There's no denying that Federico Fellini was among the true maestri of Italian cinema. Plenty of filmmakers have aspired to emulate Fellini's style - one thinks of Bob Fosse's All That Jazz, with its teasing autobiography, a deliberately tacky sense of pizazz, and surreal musical numbers, Terry Gilliam's Brazil, with its flamboyant dreams that ooze a distinctly queer-inflected straight sexuality and its bamboozled, confused male protagonist, Wes Andersen's The Grand Budapest Hotel, with its layer-caked strata of eccentric and hat-wearing hotel denizens and its hapless hero gazing with puppy-dog-eyed adoration at a man who wears perfume, not to mention Pedro Almodóvar's entire filmography - but Fellini remains irreducibly Fellini.
Pressed to offer an opinion, I would say that I love Fellini's films, but that wouldn't be strictly true. Unlike the films of Visconti, say, or Lina Wertmüller, I don't consistently love Fellini's films. I adored La strada, Amarcord, and Nights of Cabiria, but loathed Satyricon and Juliet of the Spirits, while The White Sheik actually bored me and I could literally shred apart Roma into two equally sized films, one I hated and one I loved, the bits and pieces all jumbled together as is. His two most celebrated films, 8 1/2 and La dolce vita, left me with a heap of disparate reactions that I can't manage to amalgamate into a coherent critical opinion. Fellini was enamored of shooting scenes of people eating that are so disgusting that after watching them I gag at the thought of food for days. Yet, in the end, Fellini offers so much that I love, from a fashion parade of priests in neon-lighted vestments to a mascara-stained tear rolling down Giulietta Masina's face, a mad uncle camping out in a tree shouting "Voglio una donna!" (I want a woman!) to Anita Ekberg swooning over a white kitten, the Nino Rota scores, the tinsel, Marcello Mastroianni in sunglasses, and the endlessly glorious hats.

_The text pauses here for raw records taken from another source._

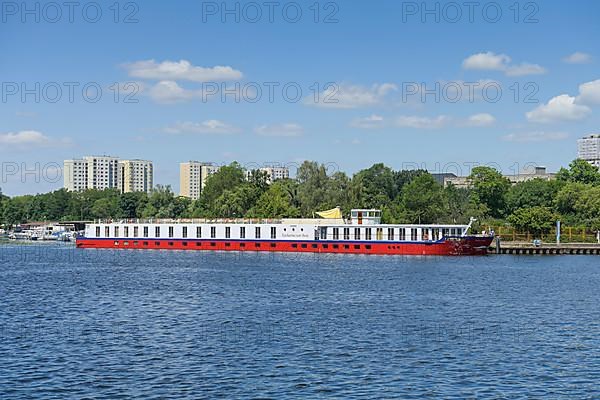 Hotel ship Katharina von Bora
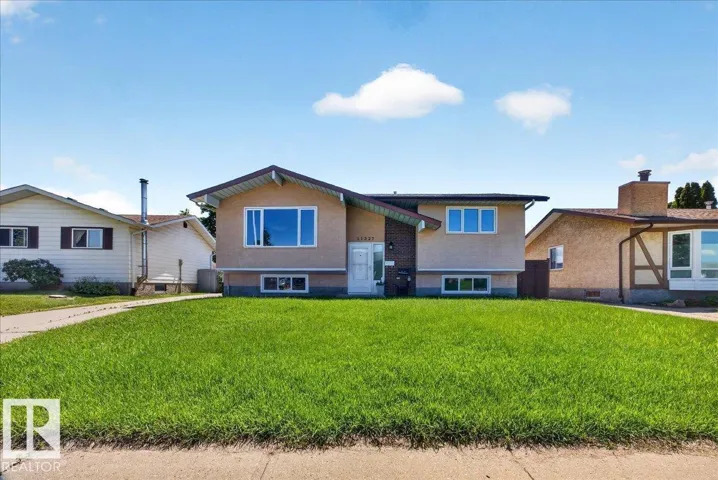 11327 165 AV NW, Edmonton, Alberta T5X3V8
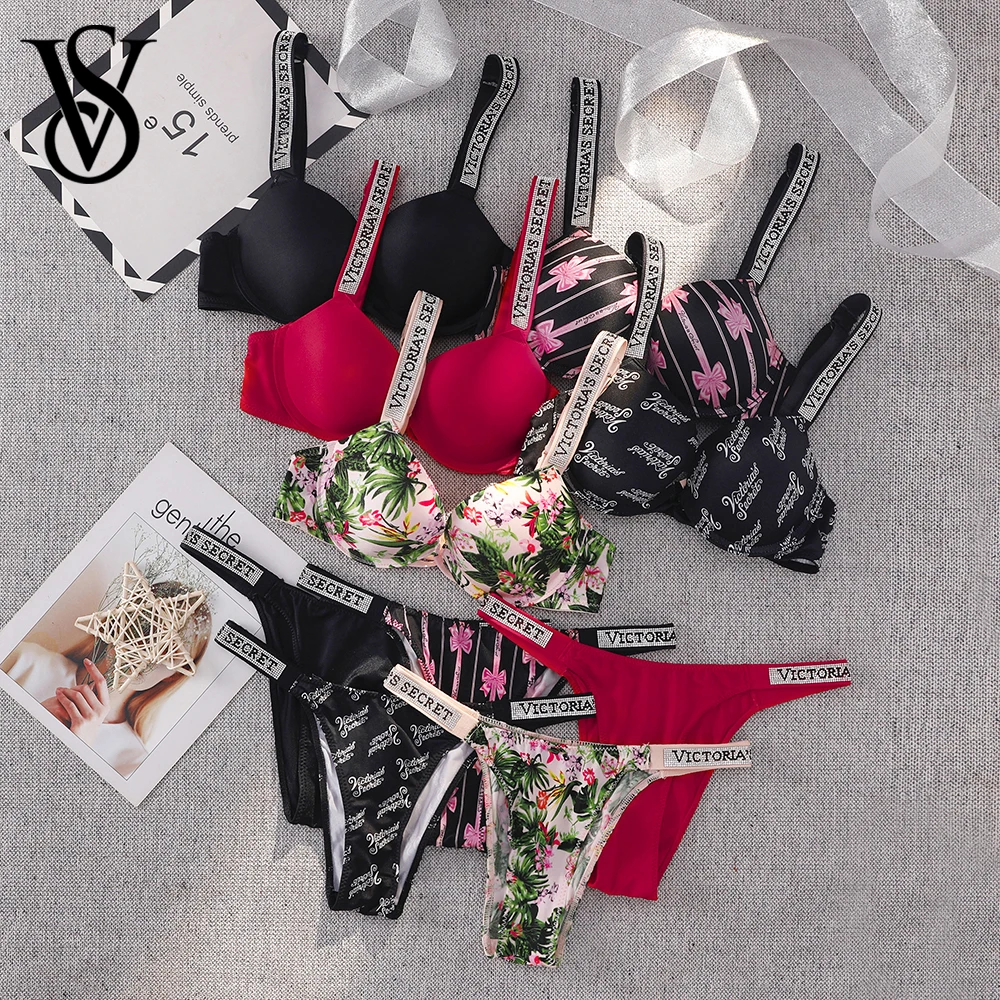 victoria-secret-shine-script-thong-panty-set-reggiseno-push-up-con-logo-lucido-e-motivo-floreale-tropicale-lingerie-femminile-molto-sexy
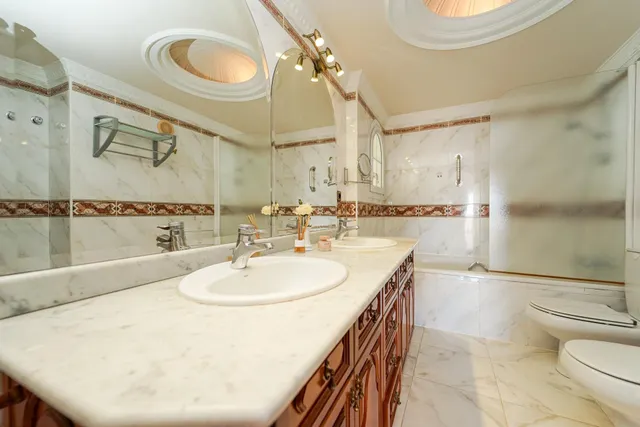 Elegante villa de 4 dormitorios en Arguineguín | Vistas panorámicas al mar, gran parcela y un potencial excepcional! — 23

Here, then, are ten novels for the Fellini fan:
Collected Fictions - Jorge Luis Borges
The dizzying, mind-bending, intellectual games of Borges's fiction, which strays through infinite libraries and labyrinthine gardens, are not merely inventive, as stunning as their inventiveness may be. Borges's understanding of the book, as a talismanic object, a world unto itself, the essence of possibility, has much in common with Fellini's understanding of cinema, its open-endedness, circularity, and perverse traversing of the space between artificiality and realism. The dream, as subject, texture, and medium, saturates both men's work. Among my favorites of Borges's stories are "The Theme of the Traitor and the Hero," about a biographer's investigation of an Irish nationalist's Shakespearean murder, "Emma Zunz," Borges's only story with a female protagonist, a woman who plots a queasy revenge, and "Deutsches Requiem," written as the final confession of the commandant of a Nazi concentration camp.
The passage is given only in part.